Data for this exercise:
=== Begin Enclosure ===

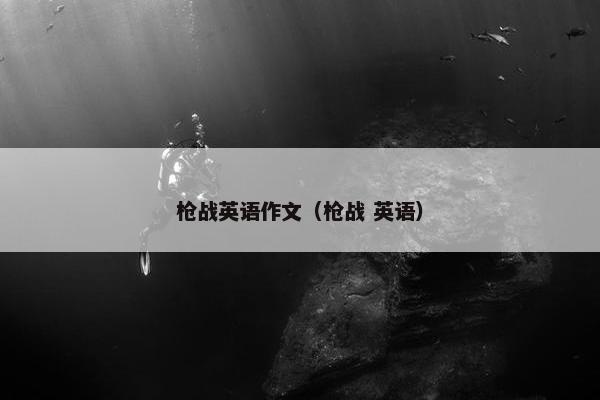 枪战英语作文（枪战 英语）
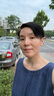 斯琴2024夏季新款女灰色亞麻V領(lǐng)繡花寬松連衣裙子短袖BDXQ01225 灰色 L 曬單實(shí)拍圖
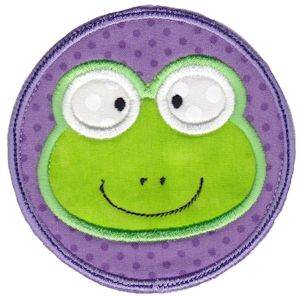 Picture of Face It Frog Applique Machine Embroidery Design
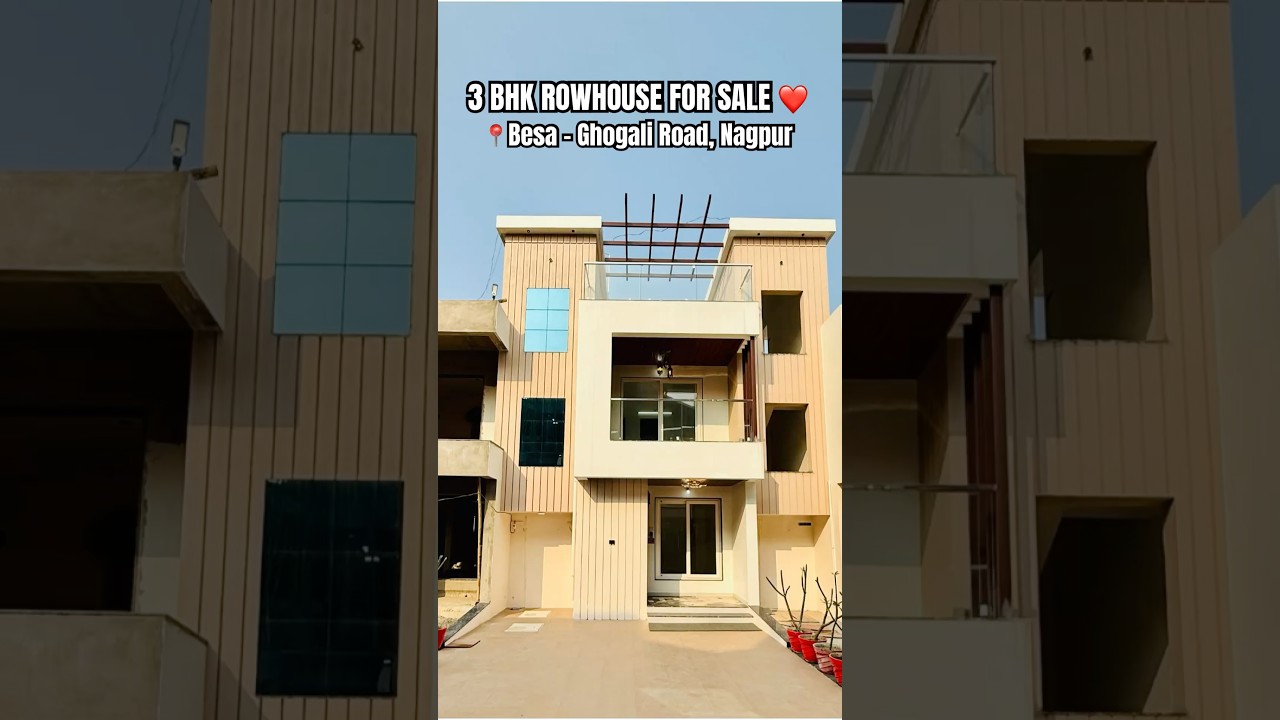 Find Your DREAM 3BHK Rowhouse in Nagpur!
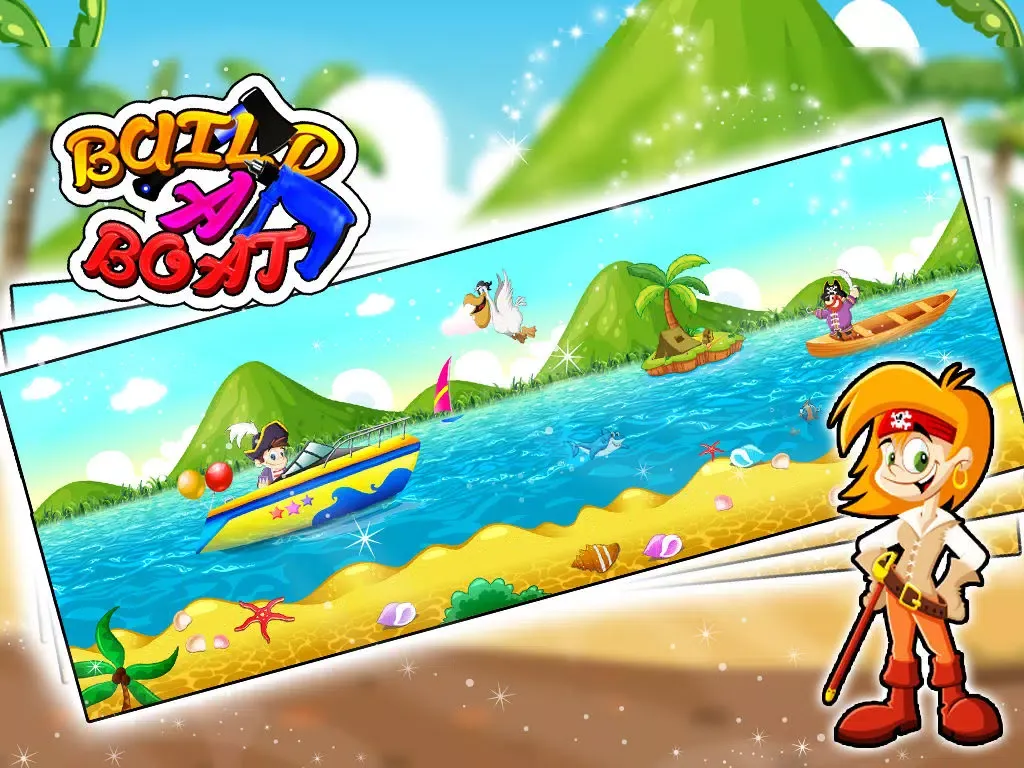 Build a Boat – Crazy builder & mechanic garage game for kids iPad 應用截圖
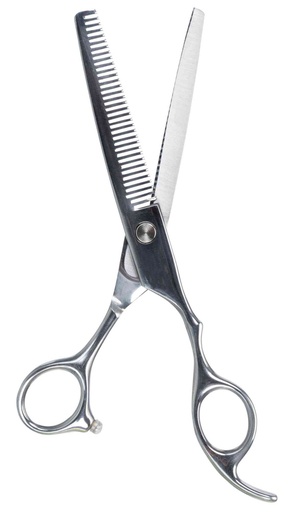 [23691] Prof.-Effileerschaar, enkelzijdig, RVS, 18 cm
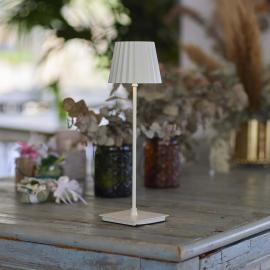 Battery-powered rechargeable table lamp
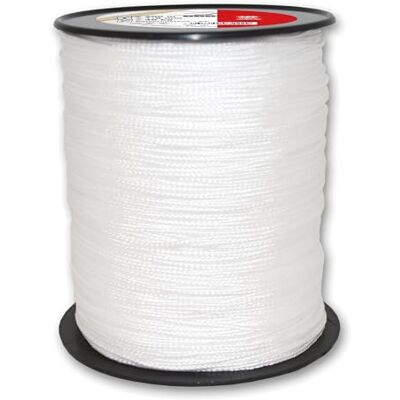 Chapuis Corda de polipropileno trançada 40 kg diâmetro 1,5 mm comprimento 200 m branco Chapuis Corda de polipropileno trançada 40 kg diâmetro 1,5 mm comprimento 200 m branco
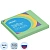 Стикеры Attache Bright colours 76х76 мм пастельные салатовые (1 блок,100 листов)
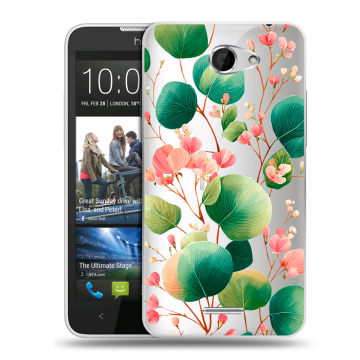 Пластиковый чехол на HTC Desire 516 с принтом женский Пластиковый чехол на HTC Desire 516 с принтом женский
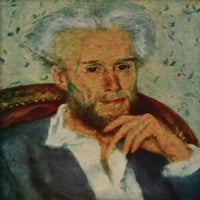 Plakat s portretom Schokea Pierre-Augustea Renoira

=== End Enclosure ===

How to complete this task:
Please print each record above again exactly, but omit any pictures.

Output for this task:
 枪战英语作文（枪战 英语）
 斯琴2024夏季新款女灰色亞麻V領(lǐng)繡花寬松連衣裙子短袖BDXQ01225 灰色 L 曬單實(shí)拍圖
 Picture of Face It Frog Applique Machine Embroidery Design
 Find Your DREAM 3BHK Rowhouse in Nagpur!
 Build a Boat – Crazy builder & mechanic garage game for kids iPad 應用截圖
 [23691] Prof.-Effileerschaar, enkelzijdig, RVS, 18 cm
 Battery-powered rechargeable table lamp
 Chapuis Corda de polipropileno trançada 40 kg diâmetro 1,5 mm comprimento 200 m branco Chapuis Corda de polipropileno trançada 40 kg diâmetro 1,5 mm comprimento 200 m branco
 Стикеры Attache Bright colours 76х76 мм пастельные салатовые (1 блок,100 листов)
 Пластиковый чехол на HTC Desire 516 с принтом женский Пластиковый чехол на HTC Desire 516 с принтом женский
 Plakat s portretom Schokea Pierre-Augustea Renoira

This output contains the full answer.